• _WHAT THIS TASK INVOLVES_
Every line holding the string "background" should be copied from the listing.
###
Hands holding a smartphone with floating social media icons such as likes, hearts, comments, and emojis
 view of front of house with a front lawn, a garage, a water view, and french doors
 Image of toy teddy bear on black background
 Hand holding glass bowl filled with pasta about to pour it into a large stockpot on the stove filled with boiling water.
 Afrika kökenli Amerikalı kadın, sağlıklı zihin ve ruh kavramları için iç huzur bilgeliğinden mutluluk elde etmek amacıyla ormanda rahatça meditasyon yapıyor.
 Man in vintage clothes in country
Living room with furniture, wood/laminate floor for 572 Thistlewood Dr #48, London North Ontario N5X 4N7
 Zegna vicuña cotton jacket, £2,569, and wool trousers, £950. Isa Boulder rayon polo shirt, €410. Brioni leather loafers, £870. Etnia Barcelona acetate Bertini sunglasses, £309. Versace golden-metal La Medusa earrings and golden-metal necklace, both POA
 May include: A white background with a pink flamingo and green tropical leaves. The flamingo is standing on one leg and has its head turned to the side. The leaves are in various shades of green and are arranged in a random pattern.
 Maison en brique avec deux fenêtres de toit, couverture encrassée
###
• _SOLUTION FOR THIS PROBLEM_
 Image of toy teddy bear on black background
 May include: A white background with a pink flamingo and green tropical leaves. The flamingo is standing on one leg and has its head turned to the side. The leaves are in various shades of green and are arranged in a random pattern.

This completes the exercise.